Men of War: The American Soldier in Combat at Bunker Hill, Gettysburg, and Iwo Jima by Alexander Rose

Men of War: The American Soldier in Combat at Bunker Hill, Gettysburg, and Iwo Jima by Alexander Rose

Author:Alexander Rose
Language: eng
Format: azw3, epub, mobi
Tags: United States, Military, History, Veterans, General
ISBN: 9780812996869
Publisher: Random House Publishing Group
Published: 2015-06-09T06:28:24.839000+00:00


7. The Nights

The Marines’ conquest of Iwo Jima was executed strictly by day; the night they yielded to the Japanese. Every dusk, then, the Marines ceased operations and hunkered down along the line in their foxholes.

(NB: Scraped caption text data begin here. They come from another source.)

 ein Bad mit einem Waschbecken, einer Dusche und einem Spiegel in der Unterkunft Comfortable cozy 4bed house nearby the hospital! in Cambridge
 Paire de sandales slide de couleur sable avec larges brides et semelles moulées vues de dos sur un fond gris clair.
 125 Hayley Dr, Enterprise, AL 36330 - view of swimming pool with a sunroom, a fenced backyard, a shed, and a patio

Of central concern to American units was “tying in” to the ones on either side of them in order to form a straight line across their assigned area. This desire to close gaps in the defensive perimeter and to link up with neighbors began at the division level and continued down successively through the regiment, battalion, company, platoon, squad, and finally, individual foxhole level. There was nothing more dangerous than being left too far forward of the line at nightfall, if, or rather when, the Japanese attacked.

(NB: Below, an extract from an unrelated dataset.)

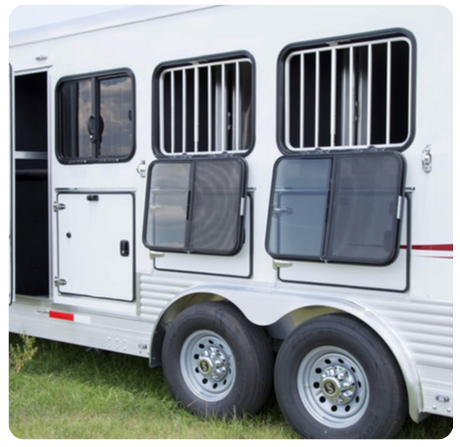 A white trailer with bars on the windows is parked in the grass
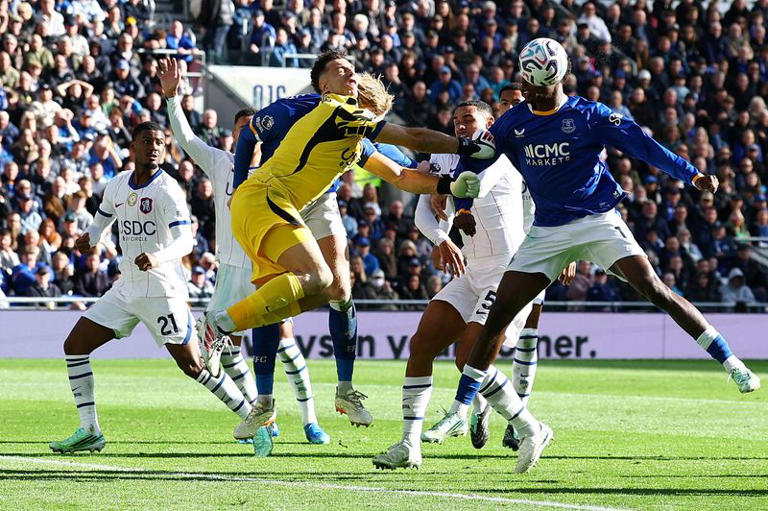 Soccer-Neto double fires Chelsea past Everton but Martinez injury mars win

In previous operations, the Japanese had mounted mass banzai charges on the first night of an invasion, and on Iwo Marines accordingly prepared for one—only to be left bewildered when the enemy never appeared, as bewildered, indeed, as when the first wave to hit the beach had encountered paltry counterfire. The actions of the Japanese on Iwo Jima were becoming ever more enigmatic. On other islands, they had emphasized the banzai frontal assault to break through a weak spot on a nascent Marine line. Over the coming weeks on this island, such attacks would be exceptionally rare. Instead, Marines would cope with small-scale “cutting-in attacks,” as the Japanese dubbed them, by infiltrators hoping to create a sense of insecurity behind the lines by sniping opportunistically at random soldiers and sabotaging arms dumps. One remarkably successful effort resulted in a huge explosion at a 4th Division dump as two boatloads of flamethrower fuel, gas, and ammunition went up.

The nocturnal spate of cutting-in attacks wore on Marines to a greater degree than a single, all-out banzai assault at the beginning of an operation. Although banzais were initially terrifying, any satisfactorily tied-in unit could deal with them easily enough: Coordinated machine guns squirting bullets at close range would leave hundreds of Japanese dead and wounded in short order. On Iwo, there were a few attempts to organize banzais, but these were minor piecemeal threats, quickly extinguished. Thus, when Howard Snyder and his squad were facing a trench containing a number of Japanese they could hear were becoming more excited, as if whipping themselves up into a fury before launching a final, diehard bid for glory, he and Harold Keller merely lobbed in grenade after grenade while James Robeson and Louie Adrian used their BARs to cut down anyone who emerged. Eventually, all went silent and that was the end of that.1

This is not to say that infiltration tactics were of much use, however. Kuribayashi was forced to report to Tokyo by the beginning of March that “the look-out American forces became very strict and it is difficult to pass through their guarded line. Don’t overestimate the value of cutting-in attacks,” he advised.2 As Kuribayashi indicated, because Marines actively learned from experience and improved their defensive methods, over the course of the battle these stealth attacks dramatically declined in frequency, skill, and scale.